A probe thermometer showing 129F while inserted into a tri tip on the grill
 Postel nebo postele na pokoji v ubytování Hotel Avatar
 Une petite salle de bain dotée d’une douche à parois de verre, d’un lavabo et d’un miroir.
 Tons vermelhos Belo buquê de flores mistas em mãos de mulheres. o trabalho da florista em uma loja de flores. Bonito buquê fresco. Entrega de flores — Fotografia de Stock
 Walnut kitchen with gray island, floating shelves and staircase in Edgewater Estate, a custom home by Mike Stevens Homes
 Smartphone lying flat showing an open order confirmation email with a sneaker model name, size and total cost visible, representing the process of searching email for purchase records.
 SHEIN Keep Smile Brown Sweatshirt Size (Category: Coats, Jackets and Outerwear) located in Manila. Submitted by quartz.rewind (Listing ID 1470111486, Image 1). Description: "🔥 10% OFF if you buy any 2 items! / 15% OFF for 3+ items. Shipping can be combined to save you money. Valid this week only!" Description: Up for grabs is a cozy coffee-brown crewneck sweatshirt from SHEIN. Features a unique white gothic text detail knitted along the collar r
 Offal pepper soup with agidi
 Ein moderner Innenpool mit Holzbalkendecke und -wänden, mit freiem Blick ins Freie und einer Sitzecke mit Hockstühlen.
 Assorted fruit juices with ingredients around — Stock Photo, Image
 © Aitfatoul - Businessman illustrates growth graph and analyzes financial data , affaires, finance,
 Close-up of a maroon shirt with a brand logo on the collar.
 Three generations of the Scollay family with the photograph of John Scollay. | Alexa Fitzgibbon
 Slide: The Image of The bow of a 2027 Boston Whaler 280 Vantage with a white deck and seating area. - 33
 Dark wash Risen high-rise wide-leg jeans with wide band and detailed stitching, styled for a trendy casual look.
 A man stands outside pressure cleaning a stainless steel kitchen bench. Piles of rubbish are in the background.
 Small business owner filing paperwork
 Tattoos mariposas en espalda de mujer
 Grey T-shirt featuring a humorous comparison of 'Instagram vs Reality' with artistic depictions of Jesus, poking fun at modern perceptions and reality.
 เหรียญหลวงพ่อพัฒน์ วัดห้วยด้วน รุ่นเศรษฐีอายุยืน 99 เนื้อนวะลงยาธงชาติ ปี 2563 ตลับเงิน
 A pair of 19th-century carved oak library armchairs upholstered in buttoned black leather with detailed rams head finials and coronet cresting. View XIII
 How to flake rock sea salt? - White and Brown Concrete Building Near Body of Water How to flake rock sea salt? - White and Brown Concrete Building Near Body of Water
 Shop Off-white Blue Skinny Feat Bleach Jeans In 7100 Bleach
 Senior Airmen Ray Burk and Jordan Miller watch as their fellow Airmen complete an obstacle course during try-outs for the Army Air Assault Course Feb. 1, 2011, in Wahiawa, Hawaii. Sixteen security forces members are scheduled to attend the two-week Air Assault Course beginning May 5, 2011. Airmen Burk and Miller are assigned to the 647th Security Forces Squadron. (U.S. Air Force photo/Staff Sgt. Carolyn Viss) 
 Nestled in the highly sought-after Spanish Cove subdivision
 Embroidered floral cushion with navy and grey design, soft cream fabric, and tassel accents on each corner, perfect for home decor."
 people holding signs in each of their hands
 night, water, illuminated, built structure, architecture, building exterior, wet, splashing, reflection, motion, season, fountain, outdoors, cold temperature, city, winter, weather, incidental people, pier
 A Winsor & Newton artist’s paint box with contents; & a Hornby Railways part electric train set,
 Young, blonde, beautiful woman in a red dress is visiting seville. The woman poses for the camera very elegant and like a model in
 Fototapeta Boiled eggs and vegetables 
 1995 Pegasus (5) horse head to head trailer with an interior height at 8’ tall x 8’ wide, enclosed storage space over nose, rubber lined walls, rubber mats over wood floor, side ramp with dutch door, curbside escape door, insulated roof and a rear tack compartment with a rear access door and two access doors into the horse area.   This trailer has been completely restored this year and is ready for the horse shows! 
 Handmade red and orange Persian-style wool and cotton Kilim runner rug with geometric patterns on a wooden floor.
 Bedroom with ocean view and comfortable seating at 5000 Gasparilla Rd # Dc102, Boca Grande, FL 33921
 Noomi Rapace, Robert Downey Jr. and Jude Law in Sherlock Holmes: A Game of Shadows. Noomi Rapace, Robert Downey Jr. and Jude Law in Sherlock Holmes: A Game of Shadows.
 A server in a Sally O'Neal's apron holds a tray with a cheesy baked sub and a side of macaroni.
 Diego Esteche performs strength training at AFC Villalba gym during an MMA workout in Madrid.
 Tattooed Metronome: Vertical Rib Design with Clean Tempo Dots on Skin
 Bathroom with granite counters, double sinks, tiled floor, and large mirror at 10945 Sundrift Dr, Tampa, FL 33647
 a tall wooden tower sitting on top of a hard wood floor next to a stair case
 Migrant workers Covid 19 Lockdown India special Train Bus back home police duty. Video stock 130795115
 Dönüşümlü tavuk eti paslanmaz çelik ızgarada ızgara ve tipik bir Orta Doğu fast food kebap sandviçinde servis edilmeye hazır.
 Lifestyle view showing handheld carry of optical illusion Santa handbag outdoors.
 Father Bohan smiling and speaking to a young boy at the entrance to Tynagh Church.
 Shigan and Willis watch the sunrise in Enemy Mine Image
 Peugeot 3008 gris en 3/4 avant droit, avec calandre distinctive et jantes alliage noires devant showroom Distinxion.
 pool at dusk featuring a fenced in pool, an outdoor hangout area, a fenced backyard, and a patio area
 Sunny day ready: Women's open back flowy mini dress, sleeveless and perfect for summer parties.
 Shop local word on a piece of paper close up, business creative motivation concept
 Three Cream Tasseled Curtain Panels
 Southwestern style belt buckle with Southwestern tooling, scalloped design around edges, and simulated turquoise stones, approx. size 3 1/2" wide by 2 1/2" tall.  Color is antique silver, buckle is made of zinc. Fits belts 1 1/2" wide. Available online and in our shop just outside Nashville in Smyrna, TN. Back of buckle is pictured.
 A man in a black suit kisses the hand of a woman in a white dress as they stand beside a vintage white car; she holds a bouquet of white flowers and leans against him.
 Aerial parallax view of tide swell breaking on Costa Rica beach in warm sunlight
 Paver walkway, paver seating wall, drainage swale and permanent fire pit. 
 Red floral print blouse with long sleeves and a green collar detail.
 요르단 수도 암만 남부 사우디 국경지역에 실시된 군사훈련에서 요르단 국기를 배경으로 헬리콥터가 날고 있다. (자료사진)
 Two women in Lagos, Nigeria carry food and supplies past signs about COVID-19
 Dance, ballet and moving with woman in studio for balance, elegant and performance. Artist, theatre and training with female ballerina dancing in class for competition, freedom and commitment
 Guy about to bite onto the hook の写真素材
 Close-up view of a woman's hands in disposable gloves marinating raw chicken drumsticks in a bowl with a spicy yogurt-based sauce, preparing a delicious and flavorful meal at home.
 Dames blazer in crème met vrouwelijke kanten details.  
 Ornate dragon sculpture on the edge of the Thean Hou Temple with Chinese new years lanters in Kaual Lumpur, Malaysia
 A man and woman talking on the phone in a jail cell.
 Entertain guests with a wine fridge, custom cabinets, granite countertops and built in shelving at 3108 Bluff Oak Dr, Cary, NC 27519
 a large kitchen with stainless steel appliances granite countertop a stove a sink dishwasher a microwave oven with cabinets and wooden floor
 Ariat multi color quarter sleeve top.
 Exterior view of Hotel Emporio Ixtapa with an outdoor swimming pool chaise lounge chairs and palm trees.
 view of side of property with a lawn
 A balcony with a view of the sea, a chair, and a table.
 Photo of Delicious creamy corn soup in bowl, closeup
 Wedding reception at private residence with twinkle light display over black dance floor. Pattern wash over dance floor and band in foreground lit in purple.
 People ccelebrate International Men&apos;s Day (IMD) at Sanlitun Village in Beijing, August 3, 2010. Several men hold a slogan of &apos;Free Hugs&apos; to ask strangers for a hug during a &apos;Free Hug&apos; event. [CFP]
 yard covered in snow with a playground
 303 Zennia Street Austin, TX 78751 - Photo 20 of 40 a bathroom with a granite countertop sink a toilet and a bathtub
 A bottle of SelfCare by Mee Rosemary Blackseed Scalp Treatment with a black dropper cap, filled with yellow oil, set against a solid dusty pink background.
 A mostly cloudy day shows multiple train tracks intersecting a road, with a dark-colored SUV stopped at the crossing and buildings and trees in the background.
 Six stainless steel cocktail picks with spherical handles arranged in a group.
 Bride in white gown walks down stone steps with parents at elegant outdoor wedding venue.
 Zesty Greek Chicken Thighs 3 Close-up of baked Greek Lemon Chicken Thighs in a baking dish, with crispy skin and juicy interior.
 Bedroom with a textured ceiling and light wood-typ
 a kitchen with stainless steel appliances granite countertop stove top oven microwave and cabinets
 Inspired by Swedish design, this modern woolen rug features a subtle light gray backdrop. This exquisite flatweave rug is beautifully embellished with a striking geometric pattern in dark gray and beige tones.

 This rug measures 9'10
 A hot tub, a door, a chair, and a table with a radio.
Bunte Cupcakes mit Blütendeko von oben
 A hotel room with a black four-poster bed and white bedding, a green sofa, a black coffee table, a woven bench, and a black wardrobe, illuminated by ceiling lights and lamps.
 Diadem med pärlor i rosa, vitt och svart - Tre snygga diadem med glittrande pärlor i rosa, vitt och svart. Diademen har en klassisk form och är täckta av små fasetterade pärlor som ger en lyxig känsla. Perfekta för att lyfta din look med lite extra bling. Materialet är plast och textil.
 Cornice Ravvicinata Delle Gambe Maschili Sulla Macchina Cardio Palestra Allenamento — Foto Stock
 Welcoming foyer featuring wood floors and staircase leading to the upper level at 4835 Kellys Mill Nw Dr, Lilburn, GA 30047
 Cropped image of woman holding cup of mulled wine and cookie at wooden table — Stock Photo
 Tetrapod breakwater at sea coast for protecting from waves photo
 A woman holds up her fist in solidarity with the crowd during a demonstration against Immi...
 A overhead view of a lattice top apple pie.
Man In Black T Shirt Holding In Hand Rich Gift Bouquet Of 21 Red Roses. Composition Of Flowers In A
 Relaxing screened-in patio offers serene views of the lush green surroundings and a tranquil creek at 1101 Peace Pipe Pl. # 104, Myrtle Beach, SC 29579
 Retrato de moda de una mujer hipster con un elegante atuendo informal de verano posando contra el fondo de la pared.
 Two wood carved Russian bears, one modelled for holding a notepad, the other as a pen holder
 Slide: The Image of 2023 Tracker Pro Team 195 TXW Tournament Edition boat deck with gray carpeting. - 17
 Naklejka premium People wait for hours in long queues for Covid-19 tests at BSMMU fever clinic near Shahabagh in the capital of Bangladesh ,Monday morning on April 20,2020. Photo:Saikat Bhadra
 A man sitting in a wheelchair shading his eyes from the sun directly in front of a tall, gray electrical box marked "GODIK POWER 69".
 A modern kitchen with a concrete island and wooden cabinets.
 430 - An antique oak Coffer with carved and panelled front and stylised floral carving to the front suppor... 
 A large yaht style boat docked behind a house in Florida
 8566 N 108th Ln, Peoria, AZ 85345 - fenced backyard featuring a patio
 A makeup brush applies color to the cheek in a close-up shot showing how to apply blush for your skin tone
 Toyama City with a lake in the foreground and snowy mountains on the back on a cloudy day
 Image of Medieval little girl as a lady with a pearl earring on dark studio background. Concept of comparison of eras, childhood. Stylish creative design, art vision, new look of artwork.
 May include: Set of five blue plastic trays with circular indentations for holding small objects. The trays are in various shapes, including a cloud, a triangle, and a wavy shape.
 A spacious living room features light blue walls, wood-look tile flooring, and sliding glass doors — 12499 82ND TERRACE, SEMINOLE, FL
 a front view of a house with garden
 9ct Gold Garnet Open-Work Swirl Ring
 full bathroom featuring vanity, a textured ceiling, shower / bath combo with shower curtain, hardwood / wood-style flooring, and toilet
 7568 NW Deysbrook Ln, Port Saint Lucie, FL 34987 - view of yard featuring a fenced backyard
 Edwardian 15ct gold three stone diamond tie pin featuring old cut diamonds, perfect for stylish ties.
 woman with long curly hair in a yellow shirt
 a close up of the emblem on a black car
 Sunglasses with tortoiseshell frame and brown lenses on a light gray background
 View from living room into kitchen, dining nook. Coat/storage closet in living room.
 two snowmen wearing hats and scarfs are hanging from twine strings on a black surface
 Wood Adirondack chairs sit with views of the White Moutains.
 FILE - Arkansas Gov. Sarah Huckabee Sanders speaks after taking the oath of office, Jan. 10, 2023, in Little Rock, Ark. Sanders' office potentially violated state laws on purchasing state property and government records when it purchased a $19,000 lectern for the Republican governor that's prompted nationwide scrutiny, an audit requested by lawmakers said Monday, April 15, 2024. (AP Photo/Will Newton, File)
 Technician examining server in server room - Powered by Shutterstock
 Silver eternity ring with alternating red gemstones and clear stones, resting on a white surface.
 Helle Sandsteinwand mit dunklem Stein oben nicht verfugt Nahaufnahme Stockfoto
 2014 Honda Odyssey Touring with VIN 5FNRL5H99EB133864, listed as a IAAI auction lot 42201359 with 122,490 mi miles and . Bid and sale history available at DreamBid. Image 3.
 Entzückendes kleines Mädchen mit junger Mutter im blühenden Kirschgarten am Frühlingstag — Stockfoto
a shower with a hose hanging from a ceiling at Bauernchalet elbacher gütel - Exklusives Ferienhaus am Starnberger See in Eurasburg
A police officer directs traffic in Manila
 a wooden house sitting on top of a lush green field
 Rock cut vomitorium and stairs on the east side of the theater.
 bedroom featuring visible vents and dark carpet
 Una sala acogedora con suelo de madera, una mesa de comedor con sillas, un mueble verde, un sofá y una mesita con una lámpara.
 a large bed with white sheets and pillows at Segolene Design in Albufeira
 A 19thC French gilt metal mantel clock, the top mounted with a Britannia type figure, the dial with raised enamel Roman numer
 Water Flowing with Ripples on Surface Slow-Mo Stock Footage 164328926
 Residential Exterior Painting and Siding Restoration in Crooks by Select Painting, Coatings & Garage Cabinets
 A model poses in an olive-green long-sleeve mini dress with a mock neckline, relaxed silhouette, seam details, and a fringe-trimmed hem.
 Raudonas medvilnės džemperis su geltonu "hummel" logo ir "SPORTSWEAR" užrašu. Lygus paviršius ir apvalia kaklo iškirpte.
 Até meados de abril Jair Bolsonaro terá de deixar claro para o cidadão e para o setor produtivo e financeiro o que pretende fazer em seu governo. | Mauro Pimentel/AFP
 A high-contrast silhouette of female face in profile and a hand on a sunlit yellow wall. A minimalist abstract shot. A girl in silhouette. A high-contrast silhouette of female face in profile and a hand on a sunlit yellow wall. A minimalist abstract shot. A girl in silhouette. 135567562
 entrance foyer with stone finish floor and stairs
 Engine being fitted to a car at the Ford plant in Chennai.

========================================

• Task to carry out: Your task is to restate, word for word, only those lines above that fall between the line holding "Aerial parallax view" and the line holding "Dames blazer in", inclusive.

• Response:
 Aerial parallax view of tide swell breaking on Costa Rica beach in warm sunlight
 Paver walkway, paver seating wall, drainage swale and permanent fire pit. 
 Red floral print blouse with long sleeves and a green collar detail.
 요르단 수도 암만 남부 사우디 국경지역에 실시된 군사훈련에서 요르단 국기를 배경으로 헬리콥터가 날고 있다. (자료사진)
 Two women in Lagos, Nigeria carry food and supplies past signs about COVID-19
 Dance, ballet and moving with woman in studio for balance, elegant and performance. Artist, theatre and training with female ballerina dancing in class for competition, freedom and commitment
 Guy about to bite onto the hook の写真素材
 Close-up view of a woman's hands in disposable gloves marinating raw chicken drumsticks in a bowl with a spicy yogurt-based sauce, preparing a delicious and flavorful meal at home.
 Dames blazer in crème met vrouwelijke kanten details.  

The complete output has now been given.